Fear and Loathing in San Diego 1996 Day 2

It’s off with the hat, off with the gauze, and on with the Russian tea. The Pro v. Fan trivia contest lasted to midnight, I couldn’t find my car (again), and I’m going to need a lot of drug to finish this off. Fortunately, I’ve got it written, all I have to do is type it in. Wetware OCR comes to the rescue. So what happened today?

Lulu Talks

Waiting at the exhibitor’s entrance for someone from Friends of Lulu I counted the numbers of men and women coming through that entrance. Final score, Men: 277, Women: 86.

There will be no bitching at this chat. Moderator Donna Barr lays down the law. The authority to do so was a prerequisite before she agreed to moderate the panel.

The question: How to fix the comic book industry when it’s already been fixed by the knife of our past choices?

Laurel Carpenter, Chris Claremont, and Andrew Vachss (who could play Stinz in the novelization) shared the table with Donna.

Comic book stores, says Chris, are specialty stores, and they should act as such. Retailer, know thy stock, and know what you can get. Comic book creators, you’re a local author. Act like one. Visit your bookstores and comic book stores and libraries. They want to hear from you.

Publishers have a problem treating comics like books. During one American Bookseller’s convention, DC took out a full page ad extolling the virtues of their Vertigo trade paperbacks. On the entire page no authors were listed. Most of what they were pushing were Neil Gaiman works; his name didn’t appear once. Imagine that for book publisher?

When audience participation began, the retailers told the readers to work harder finding what they want; the readers told the creators to spend night and day selling to a wider market; and the creators told the retailers to display their work more prominently.
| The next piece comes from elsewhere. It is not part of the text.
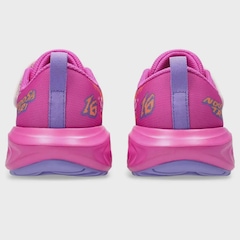Tênis ASICS Pre Noosa Tri 16 PS - Infantil - Foto 4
Vachss, who works in both book and comics creation, pointed out that the ability to make such small runs and still make money is a feature that book authors don’t have. Comic book artists should be careful adopting all aspects of the bookselling process.

Wandering Aimlessly

Waiting to give blood—I heard that they give out fre drinks and I need a stiff one after losing my car in the wrong parking level—I read the first issue of John Gaushell and Bill O’Neil’s Waste LA. It’s a photographic comics noire first person nightmare. The panels are photographs but Gaushell’s digital artistry puts this book as far away from most “photocomics” as comic books are from single-panel jokes. Objectively the differences may be minor, subjectively they’re a gulf. Bill O’Neil’s story is a greasy morbid fantasy, Strangers in Paradise in LA drag, with a protagonist from the same mold as A Clockwork Orange. If you found yourself identifying with that book, you’re not going to want to read Waste LA in the night.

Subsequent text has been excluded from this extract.